[[ Collected data, beginning ]]

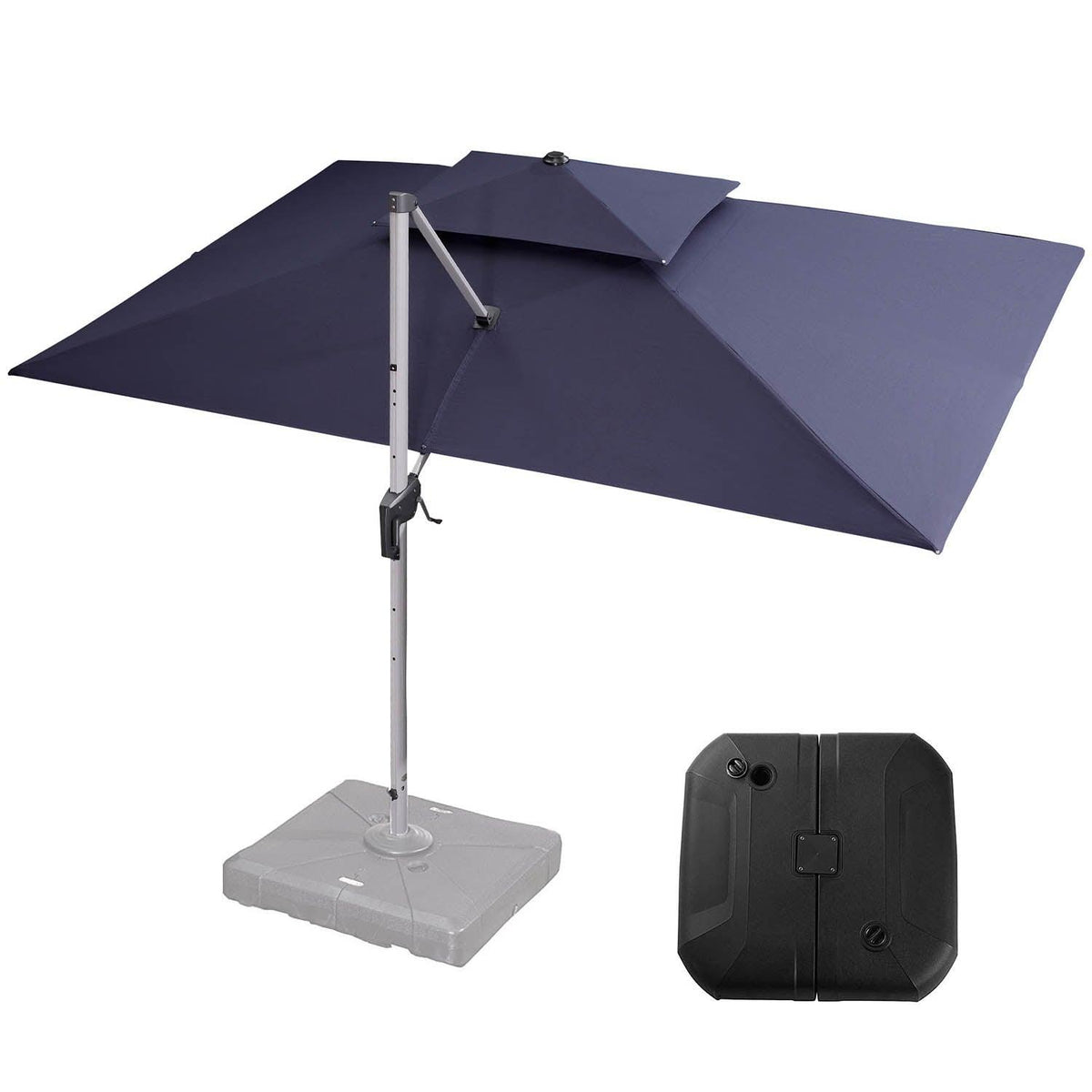 PURPLE LEAF – Parasol rectangulaire de terrasse avec ensemble de base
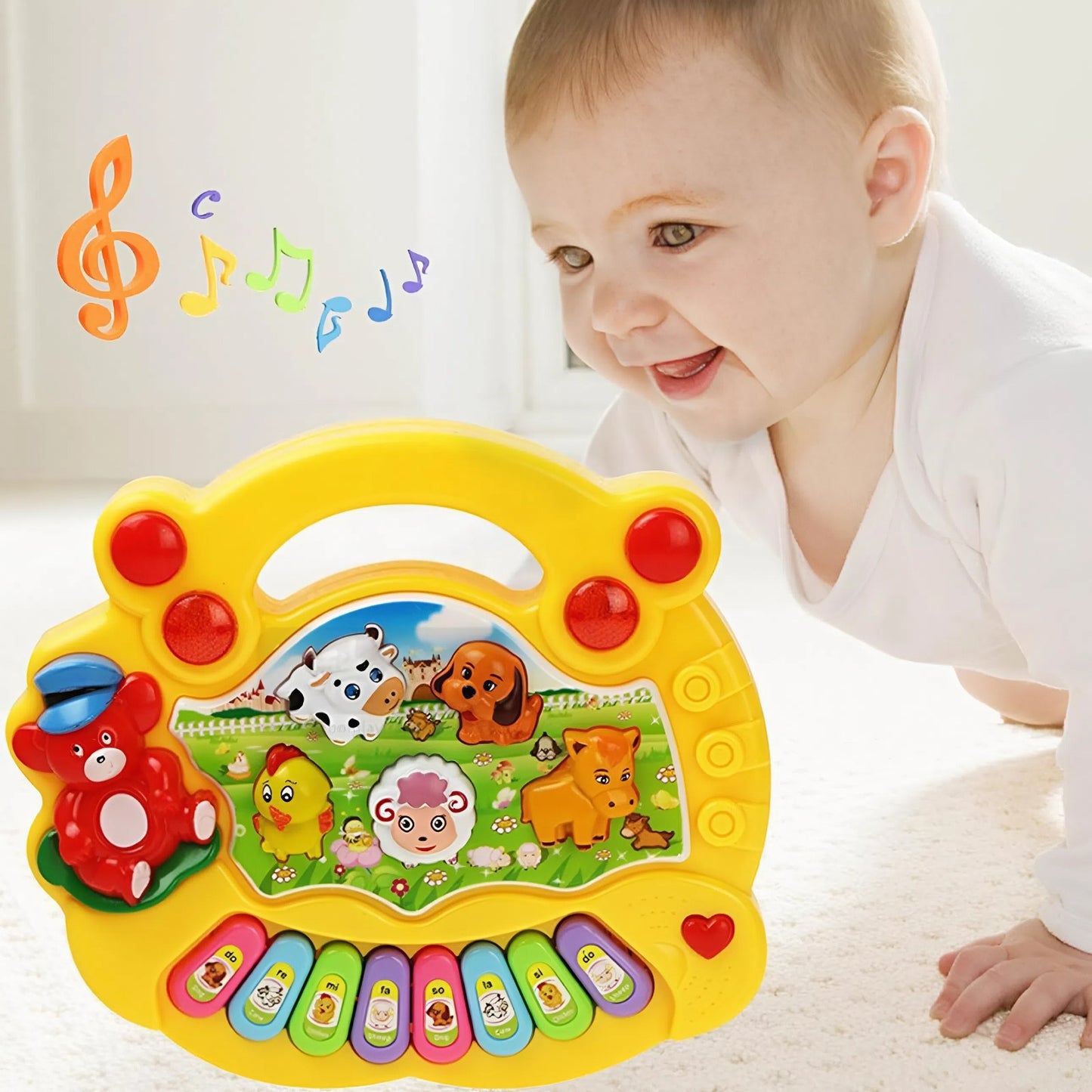 Cartoon Piano Keyboard Toy – Educational Musical Instrument for Kids with Animal Sounds, Flashing Lights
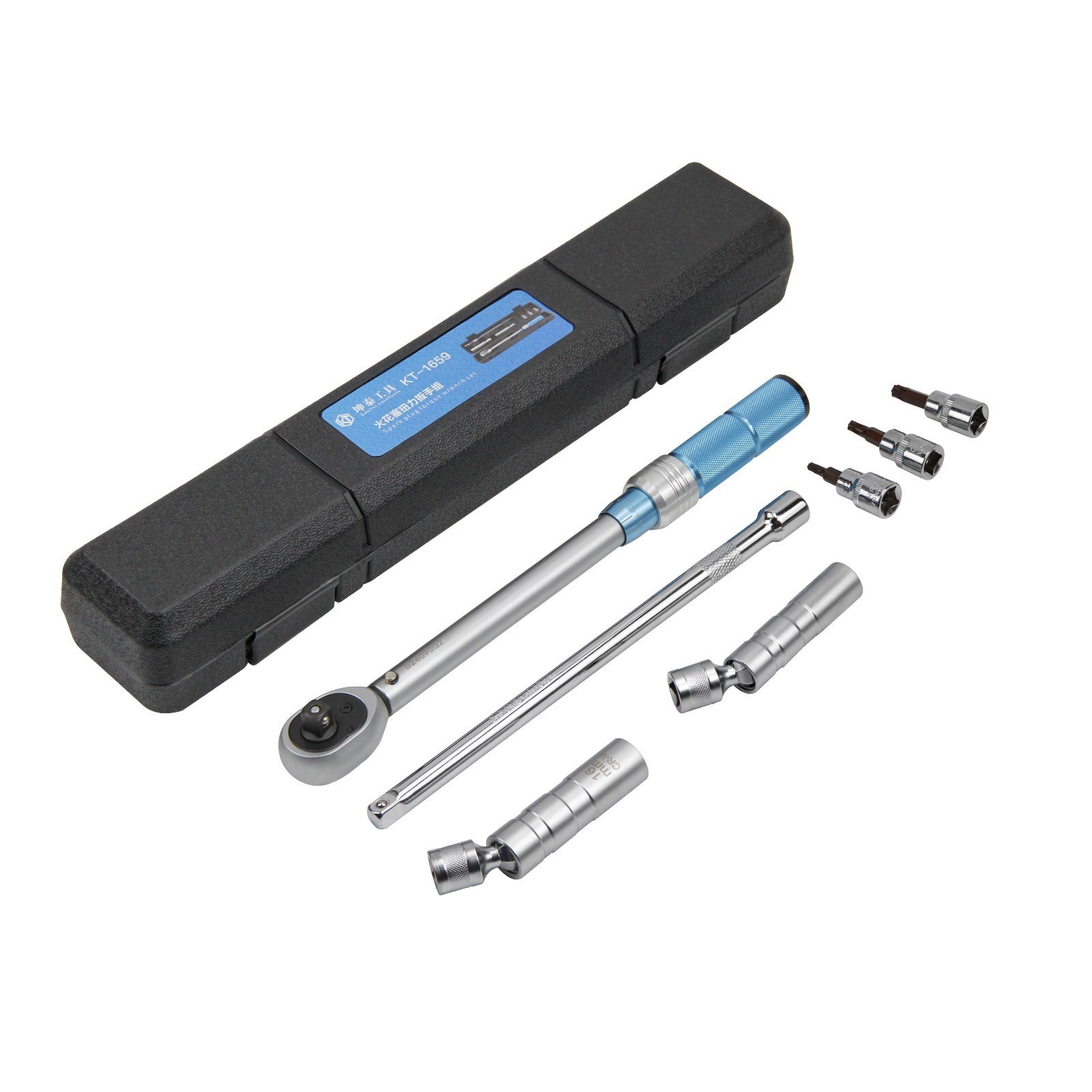 3/8 Inch Drive Click Torque Wrench Set with 14/16mm Magnetic Spark Plug Sockets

[[ Collected data, end ]]

Word for word, print the material above, but without its pictures.

 PURPLE LEAF – Parasol rectangulaire de terrasse avec ensemble de base
 Cartoon Piano Keyboard Toy – Educational Musical Instrument for Kids with Animal Sounds, Flashing Lights
 3/8 Inch Drive Click Torque Wrench Set with 14/16mm Magnetic Spark Plug Sockets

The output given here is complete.